Print the lines below from the line with "Hopefully my point" to the line with "Konnichiwa, Miyazisaki, and" exactly, keeping both ends, and print no pictures.

• _RECORDS TO USE_
Start of Block

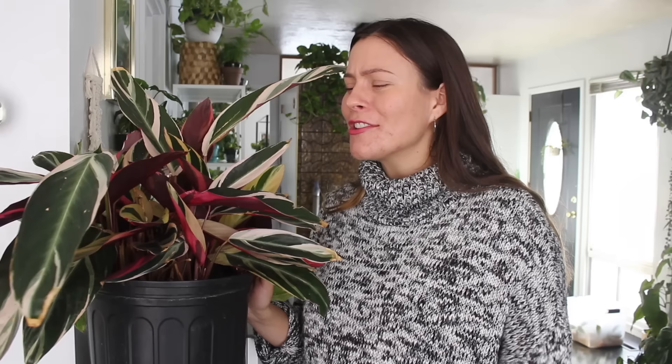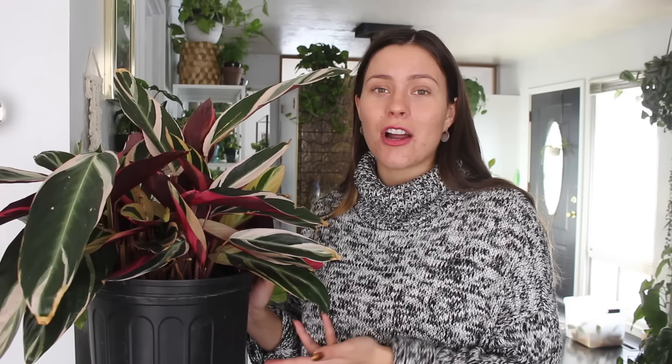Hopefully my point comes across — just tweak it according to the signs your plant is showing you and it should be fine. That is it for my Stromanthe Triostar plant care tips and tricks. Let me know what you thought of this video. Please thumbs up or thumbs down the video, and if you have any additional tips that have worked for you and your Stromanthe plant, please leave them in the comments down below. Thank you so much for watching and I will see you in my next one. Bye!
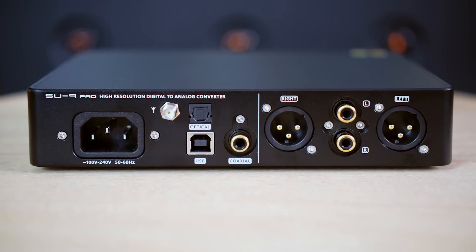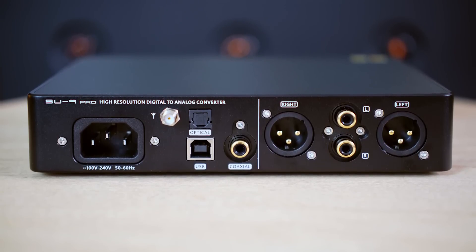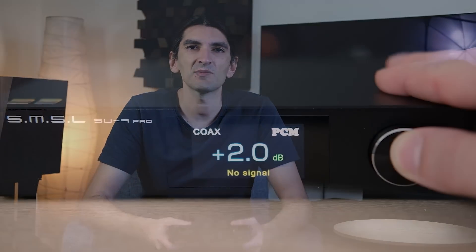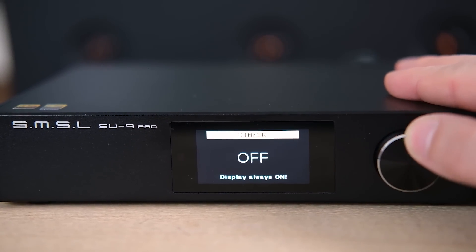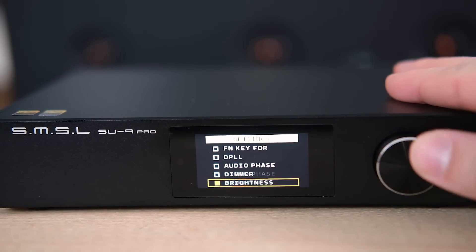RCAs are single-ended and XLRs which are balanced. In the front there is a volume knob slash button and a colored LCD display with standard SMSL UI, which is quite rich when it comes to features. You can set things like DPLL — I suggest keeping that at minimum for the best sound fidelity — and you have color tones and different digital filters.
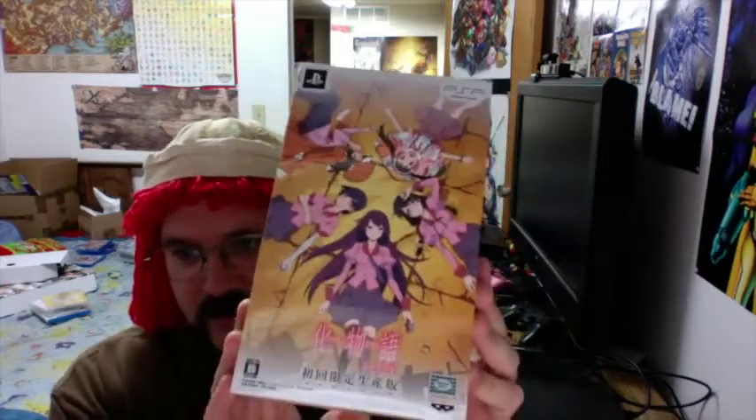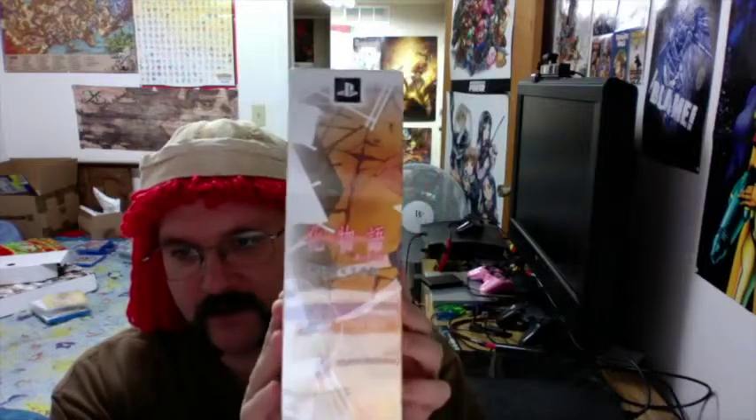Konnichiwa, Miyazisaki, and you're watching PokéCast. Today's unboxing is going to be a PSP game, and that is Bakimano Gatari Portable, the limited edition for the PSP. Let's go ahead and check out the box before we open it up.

End of Block
Start of Block

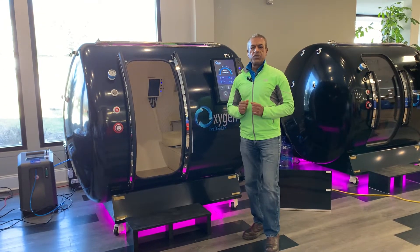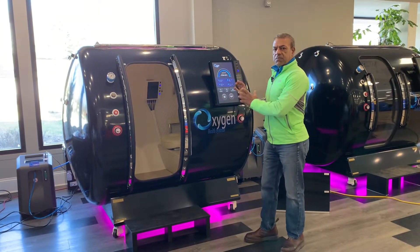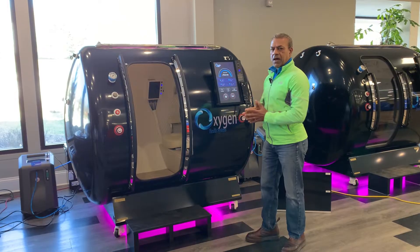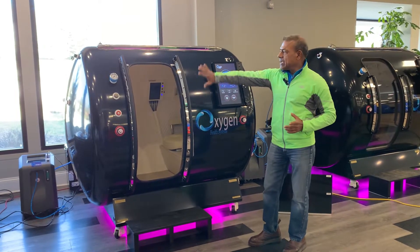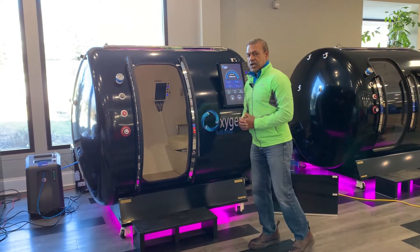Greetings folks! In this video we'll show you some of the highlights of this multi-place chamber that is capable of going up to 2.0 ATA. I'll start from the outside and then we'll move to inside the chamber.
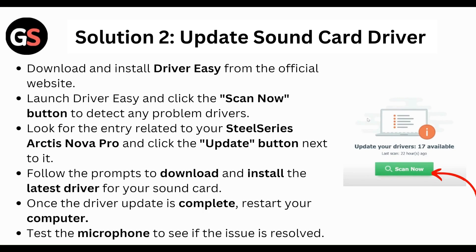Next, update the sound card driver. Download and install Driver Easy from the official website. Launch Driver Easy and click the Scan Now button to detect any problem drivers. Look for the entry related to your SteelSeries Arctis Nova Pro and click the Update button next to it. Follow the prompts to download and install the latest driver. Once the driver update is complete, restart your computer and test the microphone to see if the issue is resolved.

End of Block

• _SOLUTION TO THIS PROBLEM_
Hopefully my point comes across — just tweak it according to the signs your plant is showing you and it should be fine. That is it for my Stromanthe Triostar plant care tips and tricks. Let me know what you thought of this video. Please thumbs up or thumbs down the video, and if you have any additional tips that have worked for you and your Stromanthe plant, please leave them in the comments down below. Thank you so much for watching and I will see you in my next one. Bye!
RCAs are single-ended and XLRs which are balanced. In the front there is a volume knob slash button and a colored LCD display with standard SMSL UI, which is quite rich when it comes to features. You can set things like DPLL — I suggest keeping that at minimum for the best sound fidelity — and you have color tones and different digital filters.
Konnichiwa, Miyazisaki, and you're watching PokéCast. Today's unboxing is going to be a PSP game, and that is Bakimano Gatari Portable, the limited edition for the PSP. Let's go ahead and check out the box before we open it up.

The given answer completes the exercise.